## EXERCISE
Repeat, word for word, every line from the line holding "低分化胃癌早期时候做内镜手术吗,早期胃癌内镜手术后追加外科手术" through the final line of the entries below. Skip all pictures.

Source records
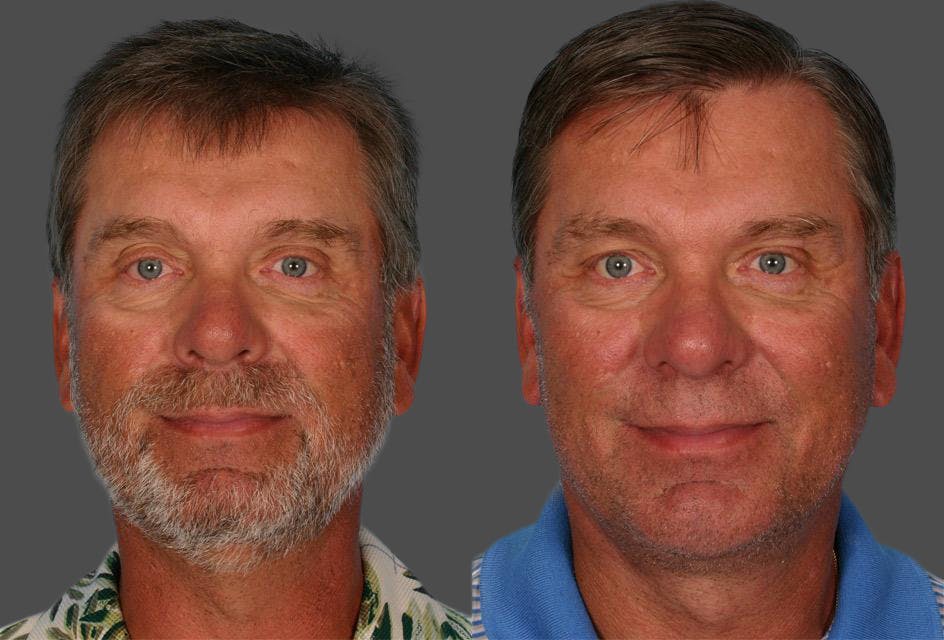 Facelift Before & After Gallery - Patient 559524 - Image 1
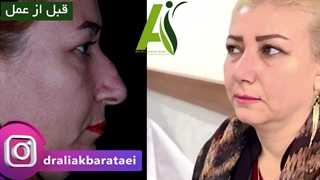 جراحی زیبایی بینی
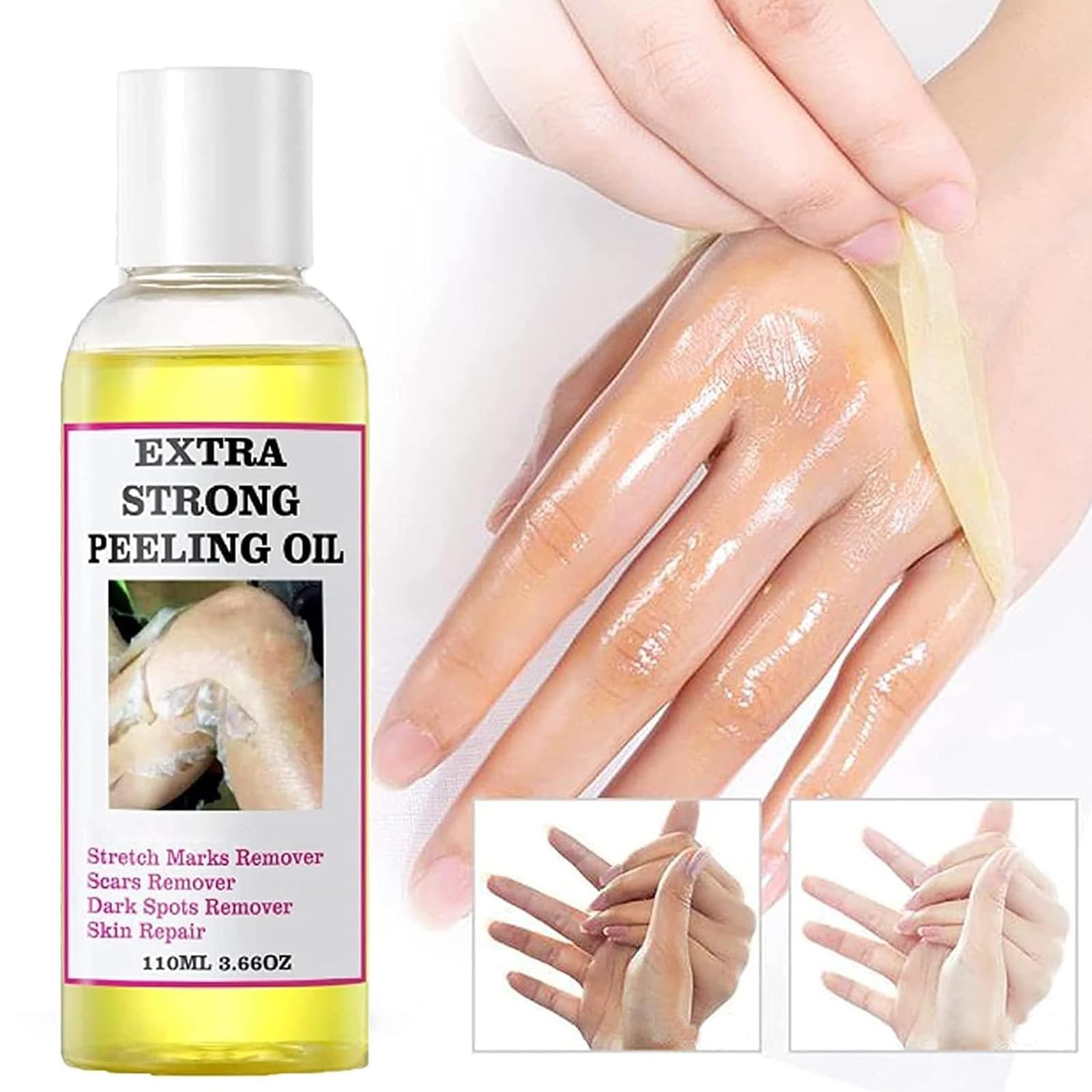 Generic Peeling Oil, Extra Strong Peeling Oil, Yellow Peeling Oil For Dark Skin, Exfoliating Peeling Solution For Body, Hand, Fe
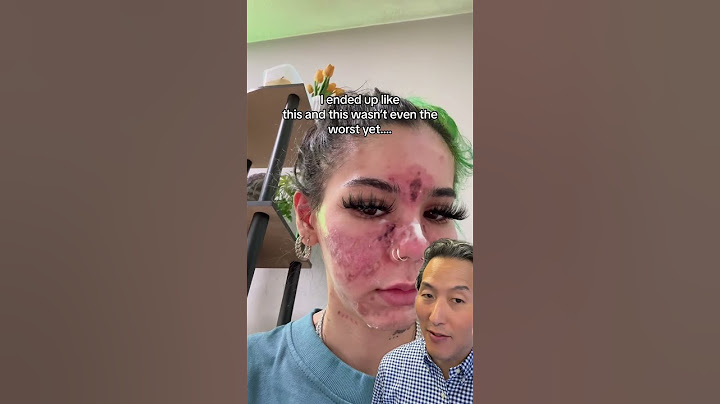What Happens When You Apply Expired Skin Care Products!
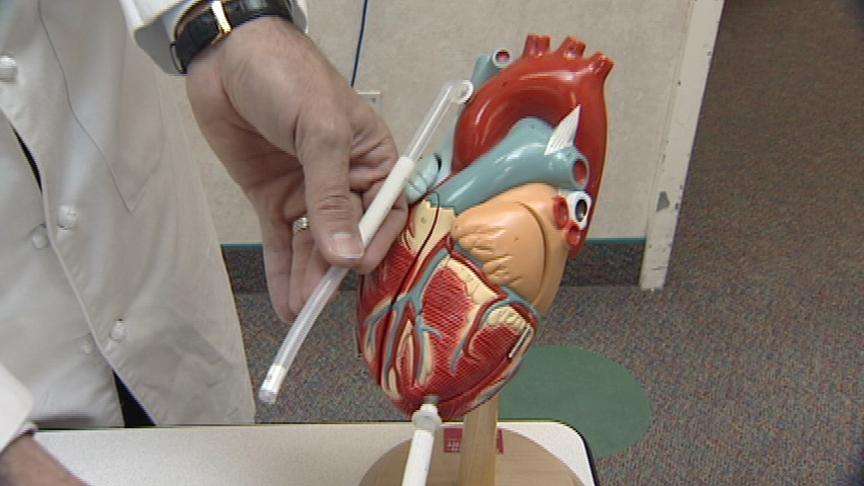 New Device Helping Babies with Heart Problems
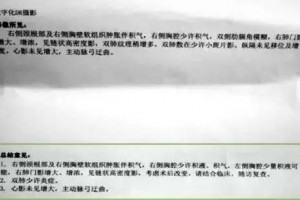 典型案例集肺术后大多患者格外敏感他们遇到的问题你也有吗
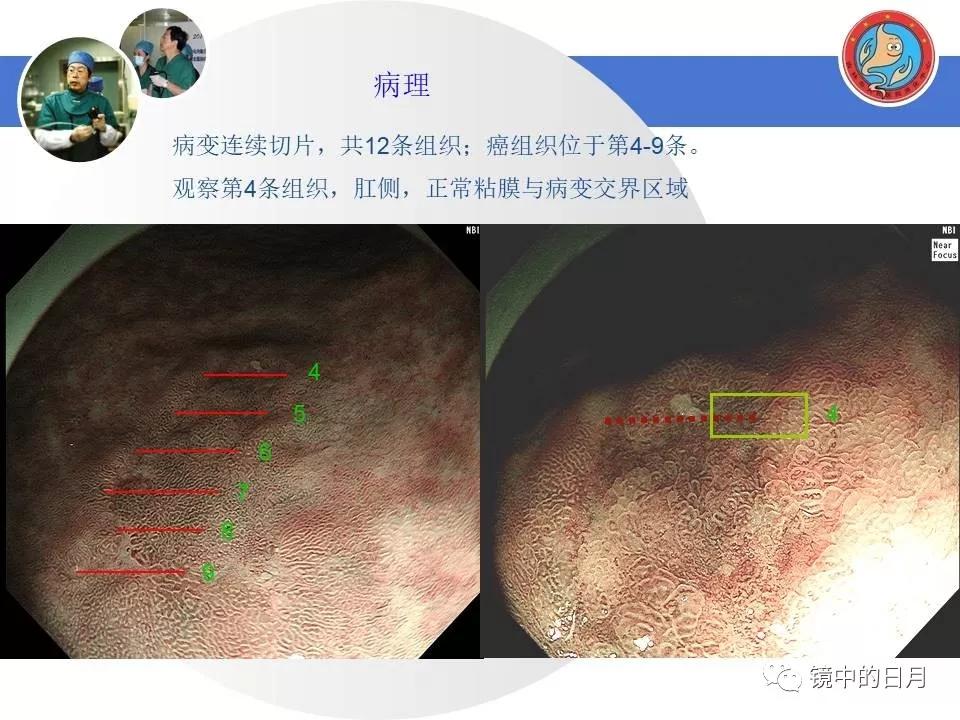 低分化胃癌早期时候做内镜手术吗,早期胃癌内镜手术后追加外科手术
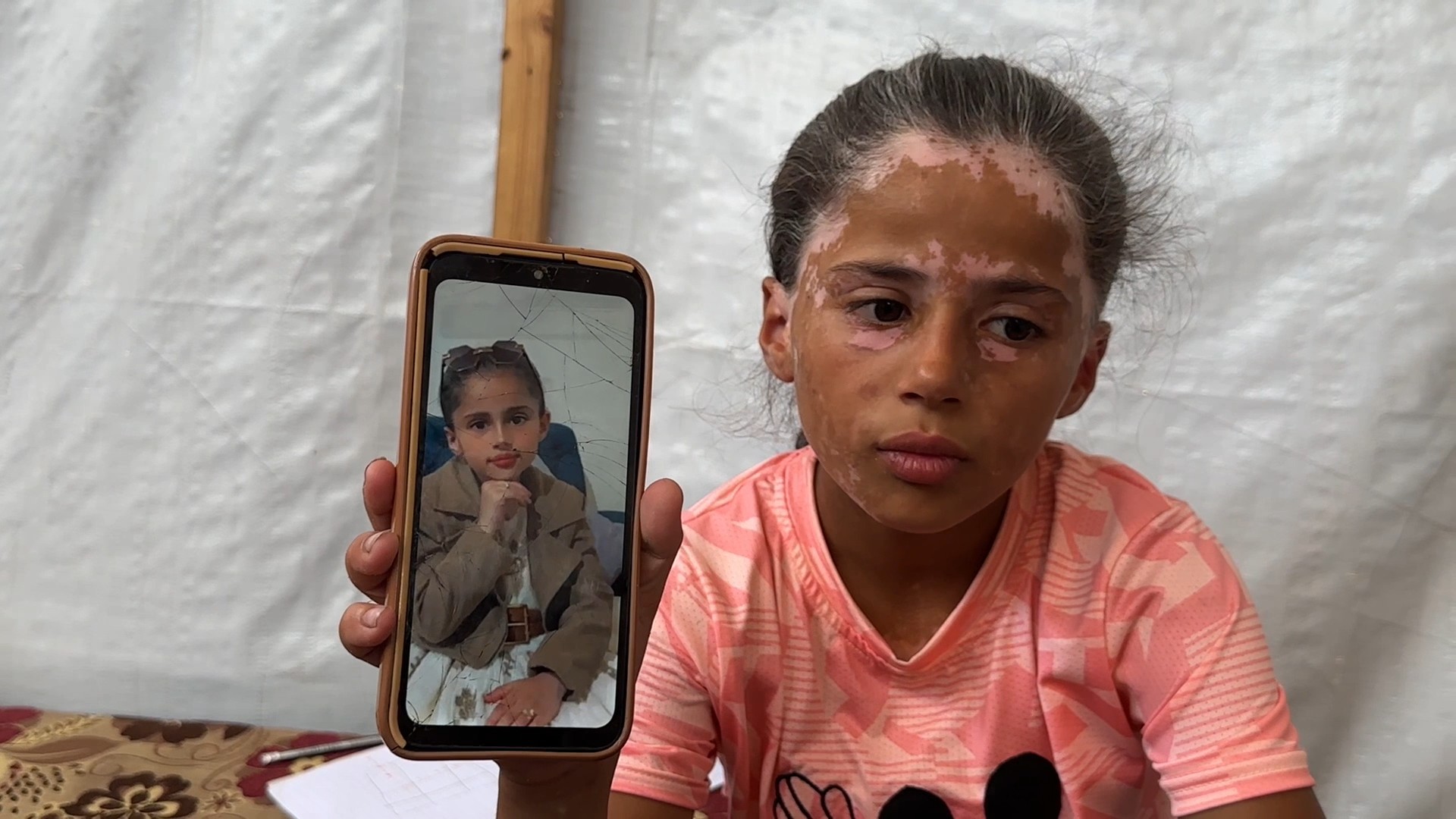 الطفلة لانا الشريف تعاني من مرض جلدي نادر بسبب الخوف من الحرب (2).jpg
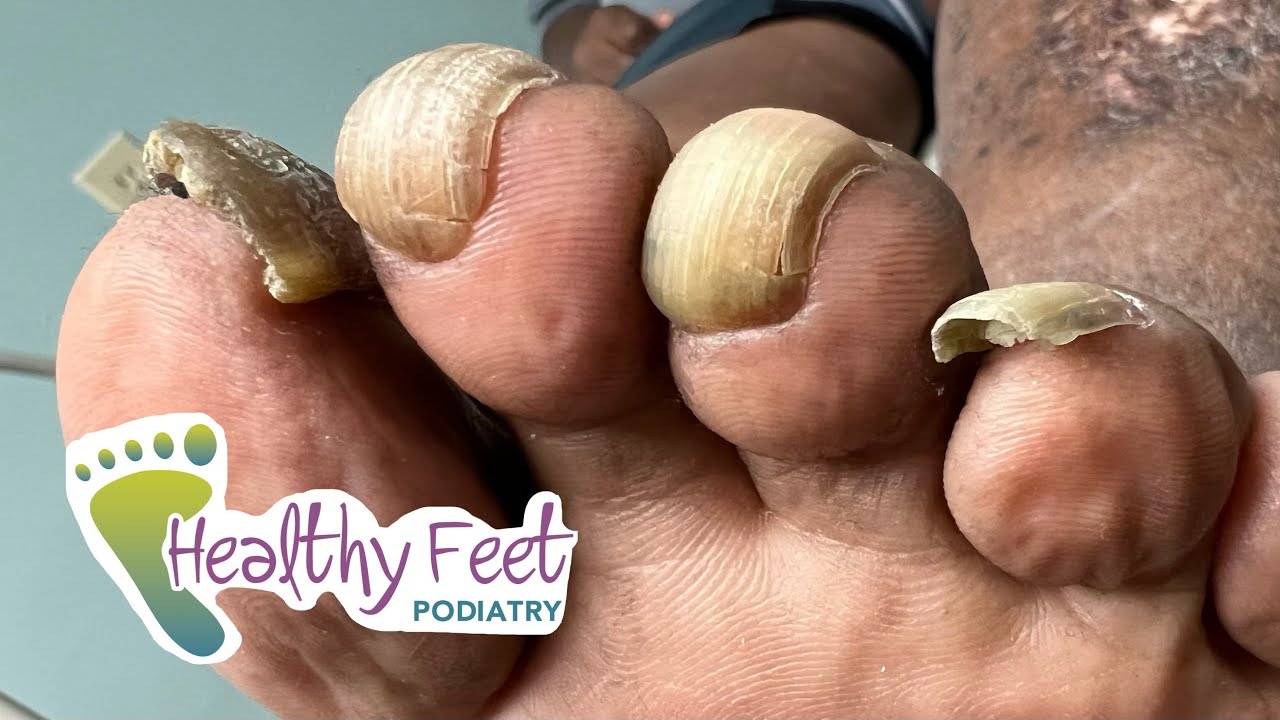 NAILS KEEP GROWING INTO THE SKIN! YouTube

## REPLY
 低分化胃癌早期时候做内镜手术吗,早期胃癌内镜手术后追加外科手术
 الطفلة لانا الشريف تعاني من مرض جلدي نادر بسبب الخوف من الحرب (2).jpg
 NAILS KEEP GROWING INTO THE SKIN! YouTube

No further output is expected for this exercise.